Opened in 2000, the Center recently published its final study, one of six randomized, clinical trials that it has underwritten over the last 13 years. The studies mostly centered on cannabis’ use as a pain treatment. In the final study published last December in the Journal of Pain, researchers found that low-strength vaporized cannabis (1.29 percent THC) reduced pain in patients with neuropathic pain by 30 percent. Many medical cannabis studies include a small number of subjects, but this study had 39 subjects. Other Center-sponsored studies have had similarly large sample sizes.

But with its original funding now gone, the Center will not be gathering anymore data, certainly not until California’s budget picture improves. In summarizing the six studies, the Center’s co-director took a small swing at the federal government.

“The big picture is that there’s enough positive data that this notion of cannabis being a Schedule 1 drug certainly deserves reconsideration,” says J. Hampton Atkinson, the Center’s co-director and a psychiatrist at UCSD. He adds that California is the only state in the U.S. to spend its own money on medical cannabis research. In terms of getting positive attention from more mainstream researchers, Atkinson says it’s still a tough slog.

“I don’t know that we’re bending things too much,” he says. “These sorts of results would get more attention if this were [a] Schedule 2 drug and researchers could get research funding.

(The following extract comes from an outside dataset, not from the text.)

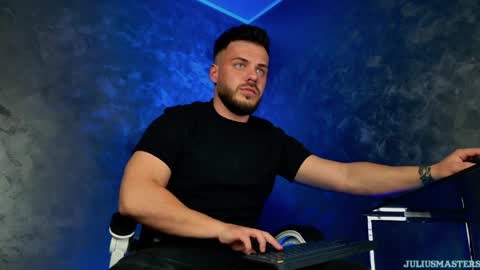 JULiUS   online show from 04/05/26, 08:39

The federal government discourages people.”

Atkinson reports that all of the Center’s studies found positive results for medicinal cannabis and no risks. Interestingly, he says that research found the best results at THC concentrations of 2 percent to 4 percent, and that effects were no more profound at 8 percent THC. While many in the medical cannabis world assume that more is better when it comes to THC percentages, Atkinson says the “therapeutic window” appears at lower doses. Keep in mind, however, that the Center had to use cannabis grown at the University of Mississippi under contract to the federal government and Ole Miss cannabis is renowned for being weak in THC. How would today’s super strains of medical cannabis with 20 percent and more of THC work medically? That will, of course, need to await further research.

 

Atkinson is not a fan of the old Drug Warrior argument that America cannot have cannabis use of any kind because it’s a threat to children somehow.

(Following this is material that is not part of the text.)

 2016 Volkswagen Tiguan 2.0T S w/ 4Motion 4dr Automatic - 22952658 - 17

“We’re talking about treating cancer and HIV patients in their 40s and 50s, not pre-adolescent kids,” he says.

For now, the center’s mission is complete but it will remain in existence as a resource for other interested researchers, says Atkinson.

 

www.cmcr.ucsd.edu

 

Prioritizing

Since its founding, the Center for Medicinal Cannabis Research has worked hard to look at cannabis research that will “enhance understanding of the efficacy and adverse effects of marijuana as a pharmacological agent.” The diseases and conditions that the Center had prioritized for funding and study include—and these should be pretty familiar to longtime MMJ patients—appetite suppression, weight loss and cachexia due to HIV and other conditions; chronic pain, such as neuropathic pain; severe nausea and vomiting due to cancer and its treatment; and severe muscle spasticity, such as caused by multiple sclerosis (this is what Montel Williams has).